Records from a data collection
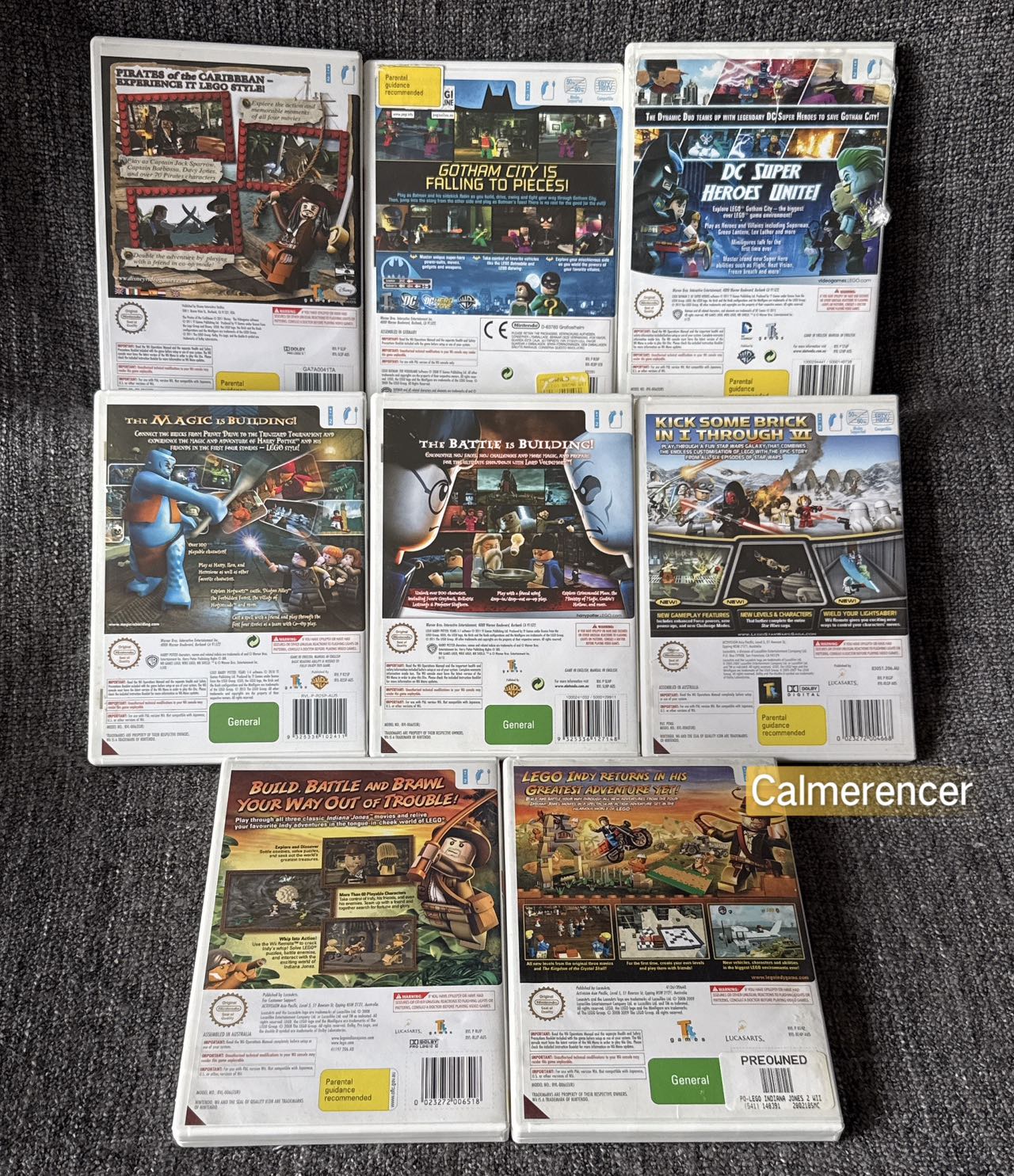 Lego Bundle 8x Games - Nintendo Wii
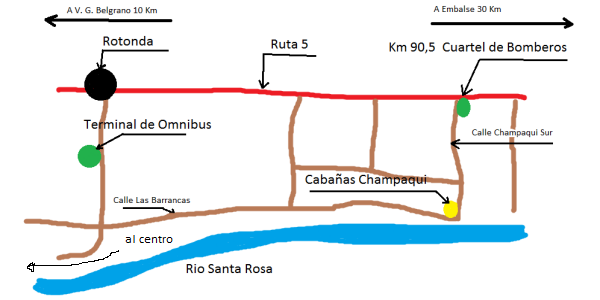 ubicacion cabaas en santa rosa de calamuchita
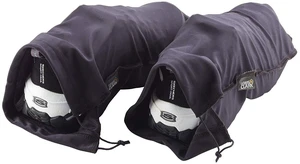 Nylon Drawstring Shoe Bags, 2 Pairs of Durable Travel Shoe Bag for Packing in Suitcase, Washable Cover for Men and Women Shoes, Black/Charcoal, 2 Pairs Nylon Drawstring Shoe Bags, 2 Pairs of Durable Travel Shoe Bag for Packing in Suitcase, Washable Cover for Men and Women Shoes, Black/Charcoal, 2 Pairs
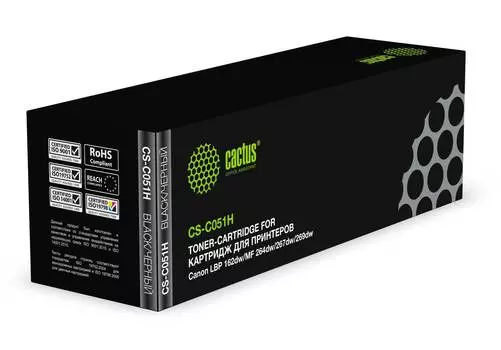 Картридж Cactus CS-C051 Cartridge 051 черный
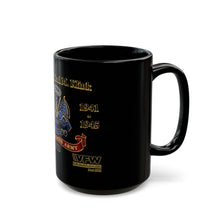 Load image into Gallery viewer, Black Mug  (15oz) - SSG - Carl M. Klink - Veteran tribute in 3D enhanced
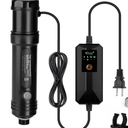 hygger Aquarium U-V Light with Timer, 360° Protective Shield Clean Light for Green Water Clean, Amphibian Aquarium Lamp Bulb for Freshwater Saltwater Fish Tank and Aquarium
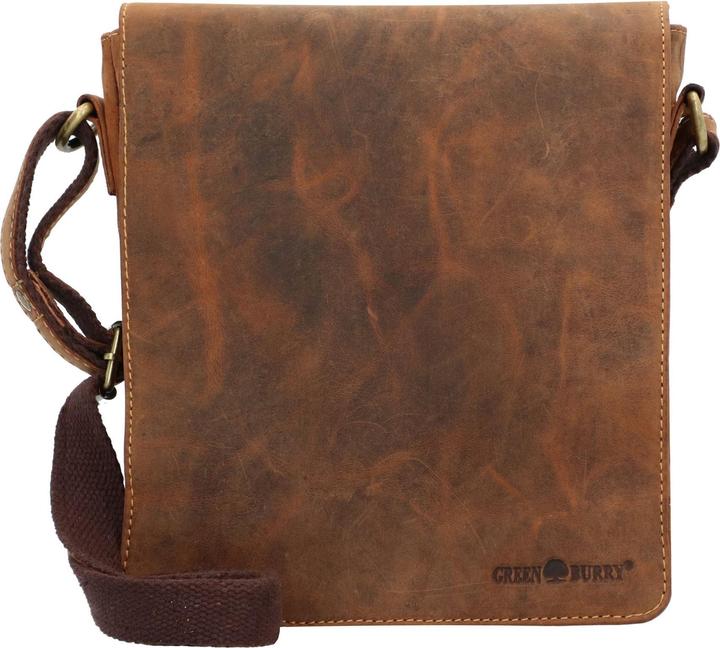 Greenburry Vintage Umhängetasche Leder 23 cm
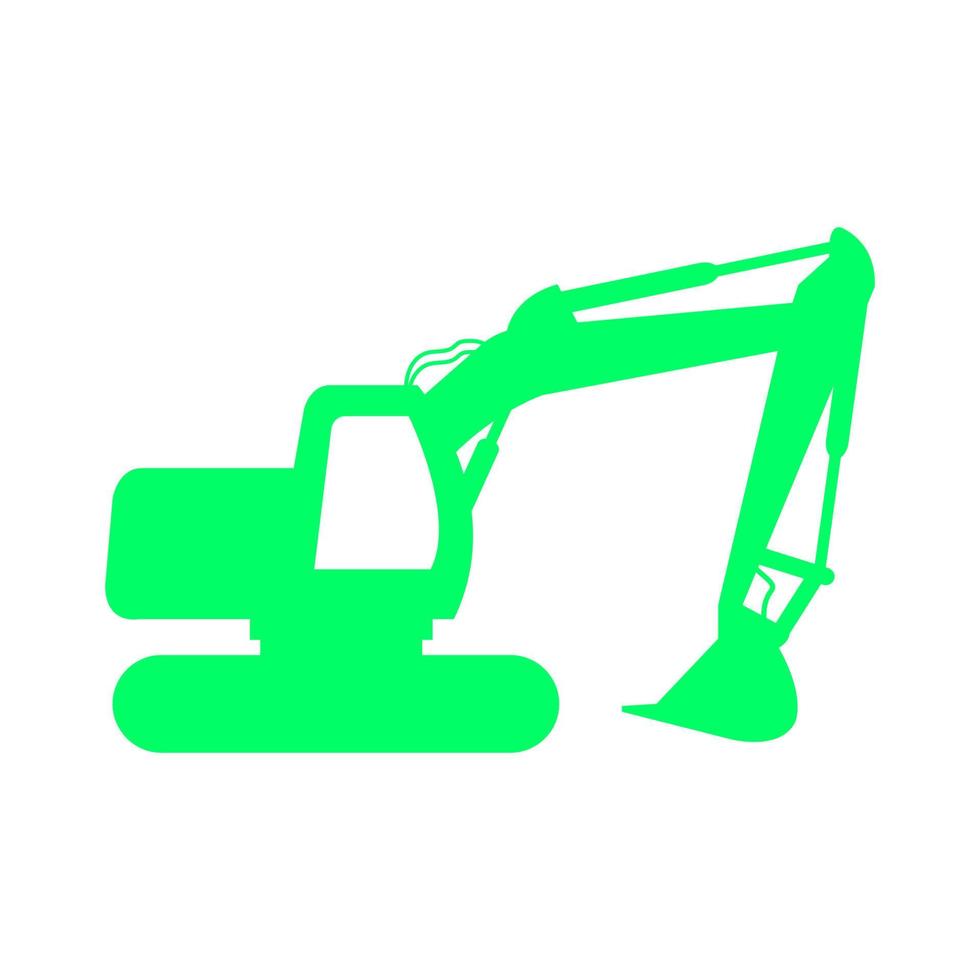 Excavator illustrated on background vector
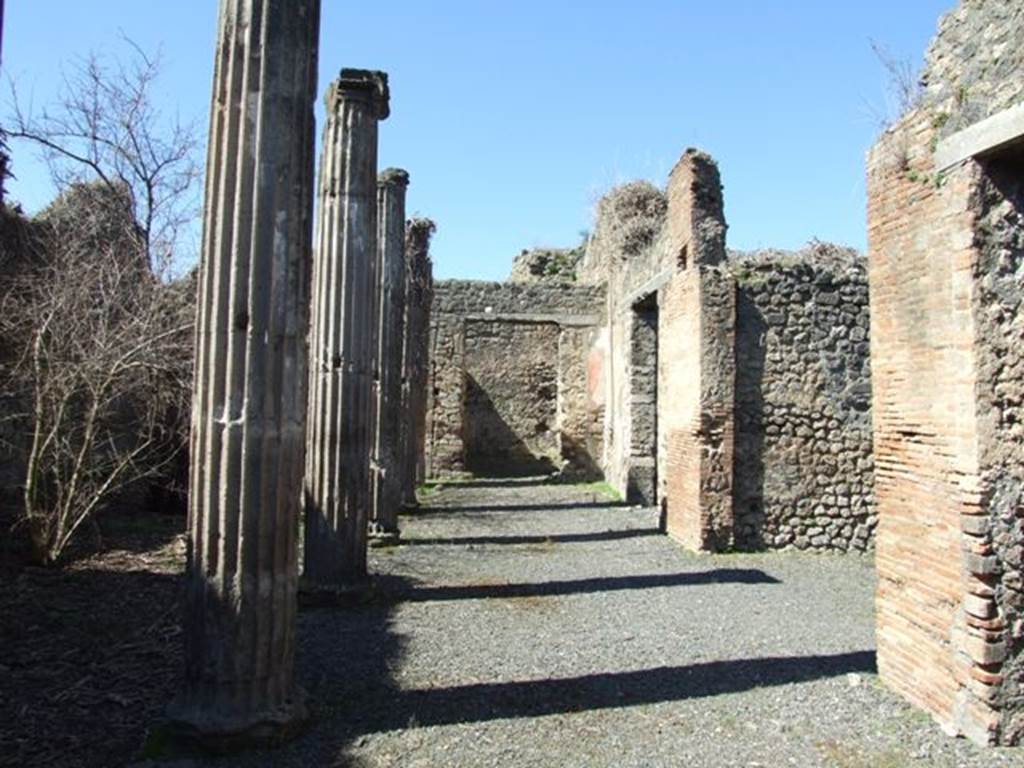 VIII.5.9 Pompeii. March 2009. Looking west across North Portico.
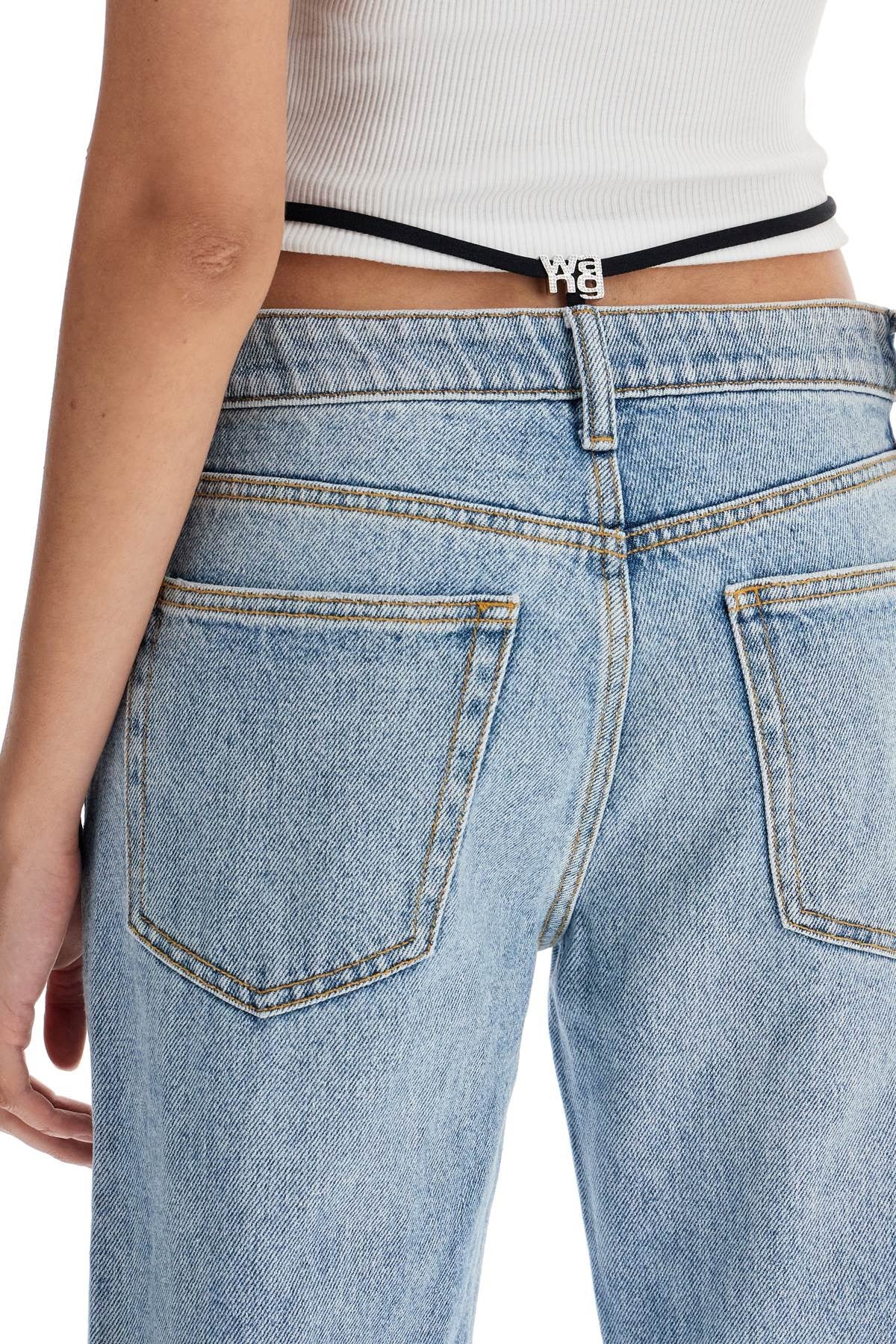 Alexander Wang straight jeans with integrated thong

**What the exercise asks:** Leave nothing out but the pictures when transcribing the records.

**Answer to the exercise:**
 Lego Bundle 8x Games - Nintendo Wii
 ubicacion cabaas en santa rosa de calamuchita
 Nylon Drawstring Shoe Bags, 2 Pairs of Durable Travel Shoe Bag for Packing in Suitcase, Washable Cover for Men and Women Shoes, Black/Charcoal, 2 Pairs Nylon Drawstring Shoe Bags, 2 Pairs of Durable Travel Shoe Bag for Packing in Suitcase, Washable Cover for Men and Women Shoes, Black/Charcoal, 2 Pairs
 Картридж Cactus CS-C051 Cartridge 051 черный
 Load image into Gallery viewer, Black Mug  (15oz) - SSG - Carl M. Klink - Veteran tribute in 3D enhanced
 hygger Aquarium U-V Light with Timer, 360° Protective Shield Clean Light for Green Water Clean, Amphibian Aquarium Lamp Bulb for Freshwater Saltwater Fish Tank and Aquarium
 Greenburry Vintage Umhängetasche Leder 23 cm
 Excavator illustrated on background vector
 VIII.5.9 Pompeii. March 2009. Looking west across North Portico.
 Alexander Wang straight jeans with integrated thong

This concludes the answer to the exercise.